(Beginning of Data supplied)
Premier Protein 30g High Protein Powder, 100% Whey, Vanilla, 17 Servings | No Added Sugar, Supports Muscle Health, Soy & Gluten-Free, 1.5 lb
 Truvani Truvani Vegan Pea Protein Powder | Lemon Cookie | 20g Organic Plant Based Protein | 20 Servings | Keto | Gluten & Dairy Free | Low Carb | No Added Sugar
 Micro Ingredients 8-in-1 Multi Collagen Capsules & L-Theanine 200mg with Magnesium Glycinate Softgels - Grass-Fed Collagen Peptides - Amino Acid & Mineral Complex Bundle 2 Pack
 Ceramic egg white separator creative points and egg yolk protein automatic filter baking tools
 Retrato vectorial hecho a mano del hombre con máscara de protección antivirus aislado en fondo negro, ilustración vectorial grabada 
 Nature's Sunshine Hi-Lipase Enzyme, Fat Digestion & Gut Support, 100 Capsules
(End of Data supplied)
_Task to carry out_: With every line intact, print the records above again.

_Exercise response_:
Premier Protein 30g High Protein Powder, 100% Whey, Vanilla, 17 Servings | No Added Sugar, Supports Muscle Health, Soy & Gluten-Free, 1.5 lb
 Truvani Truvani Vegan Pea Protein Powder | Lemon Cookie | 20g Organic Plant Based Protein | 20 Servings | Keto | Gluten & Dairy Free | Low Carb | No Added Sugar
 Micro Ingredients 8-in-1 Multi Collagen Capsules & L-Theanine 200mg with Magnesium Glycinate Softgels - Grass-Fed Collagen Peptides - Amino Acid & Mineral Complex Bundle 2 Pack
 Ceramic egg white separator creative points and egg yolk protein automatic filter baking tools
 Retrato vectorial hecho a mano del hombre con máscara de protección antivirus aislado en fondo negro, ilustración vectorial grabada 
 Nature's Sunshine Hi-Lipase Enzyme, Fat Digestion & Gut Support, 100 Capsules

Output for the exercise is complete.